Böylelikle Anayasa Mahkemesinin bu kararıyla bir süre uyarma ve hizmete kısmi süreli devam cezaları da yargısal denetime açık hale gelmişti. Yasa koyucu 12/6/2024 tarihli değişiklikle TSK Disiplin Kanununun 43. Maddesini Anayasa Mahkemesinde yer alan anayasal ilkelere uygun hale getirerek artık “Türk Silahlı Kuvvetlerinden ilişiğin kesilmesi sonucunu doğuran işlemlere karşı açılan davalarda yargı yolu kapalı olan disiplin cezalarının hukuka uygunluğu mahkemelerce denetlenebilece”ğini düzenleme altına almıştır.
Mevcut düzenleme doğrultusunda Türk Silahlı Kuvvetlerinden ayırma sonucu doğurmadığı sürece subay, astsubay, uzman erbaş ile sözleşmeli erbaş ve erler hakkında verilen uyarma, kınama ve hizmete kısmi süreli devam cezalarının iptali istemli dava açmak mümkün değildir. Ancak uyarma, kınama ve hizmete kısmi süreli devam disiplin cezalarından dolayı Türk Silahlı Kuvvetlerinden ilişiği kesilenlerin bu işleme karşı açacağı iptal davasında bu cezaların hukuka uygun olup olmadıkları denetlenecektir.

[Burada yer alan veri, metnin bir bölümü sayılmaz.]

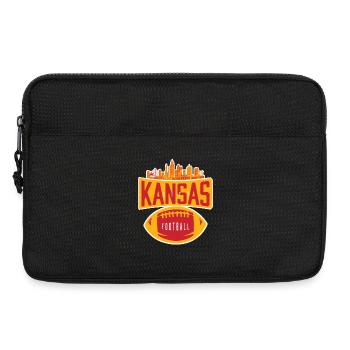 Kansas Football Skyline Emblem - Laptop bag 13" - black - Front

Kanımızca mevzuattaki değişiklik öncesinde “…uyarma,...” ve “…ve hizmete kısmi süreli devam…” disiplin cezalarıyla sözleşmesi feshedilerek veya disiplin kurulu kararıyla Türk Silahlı Kuvvetlerinden ilişiği kesilenlerin Anayasa’da düzenlenen eşitlik ilkesi gereği daha önce yargısal denetimi yapılamayan bu disiplin cezaları yönünden hukuka uygunluk denetimi yapılabilmelidir.